::: Information given

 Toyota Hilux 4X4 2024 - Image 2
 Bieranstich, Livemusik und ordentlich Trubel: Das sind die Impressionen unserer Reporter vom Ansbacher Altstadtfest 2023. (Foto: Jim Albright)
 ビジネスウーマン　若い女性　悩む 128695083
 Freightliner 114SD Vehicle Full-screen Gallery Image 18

::::::
::: Information given

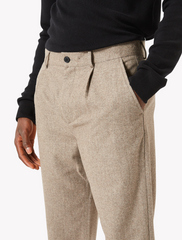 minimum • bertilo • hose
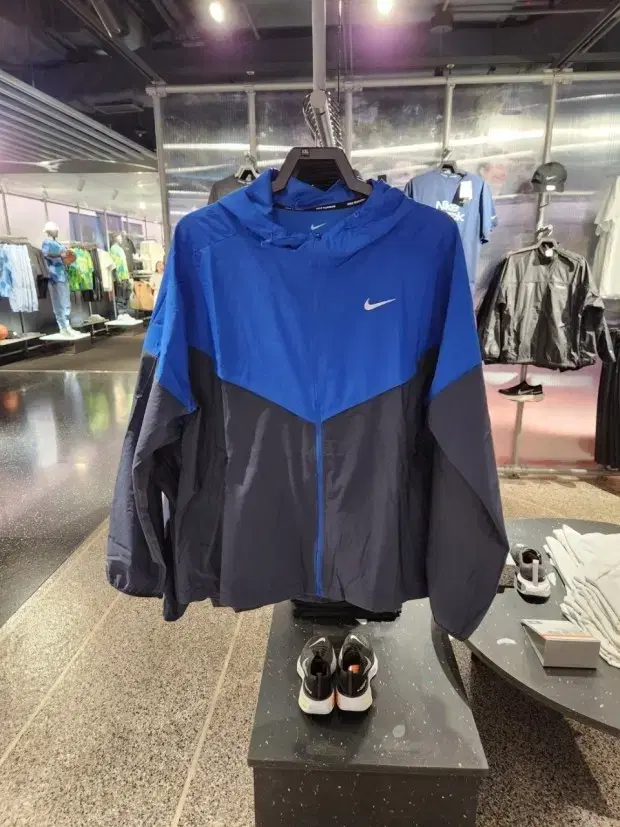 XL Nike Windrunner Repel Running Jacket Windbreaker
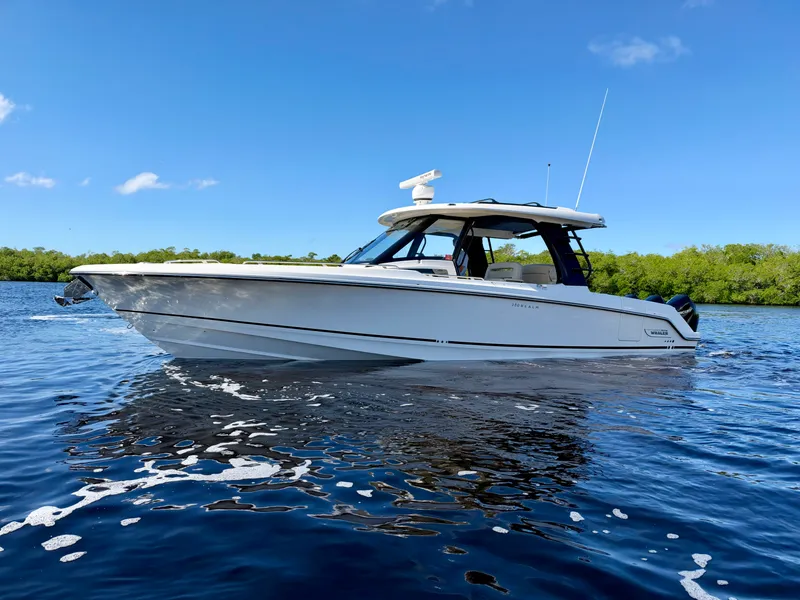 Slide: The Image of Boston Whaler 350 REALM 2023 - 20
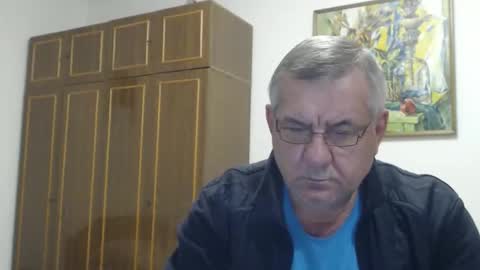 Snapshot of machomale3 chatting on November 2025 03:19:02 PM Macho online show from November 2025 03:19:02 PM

::::::

What you have to do: Repeat, character for character, the lines of the material above from the line with "ビジネスウーマン　若い女性　悩む 128695083" through the line with "Freightliner 114SD Vehicle".

Solution to this task:
 ビジネスウーマン　若い女性　悩む 128695083
 Freightliner 114SD Vehicle Full-screen Gallery Image 18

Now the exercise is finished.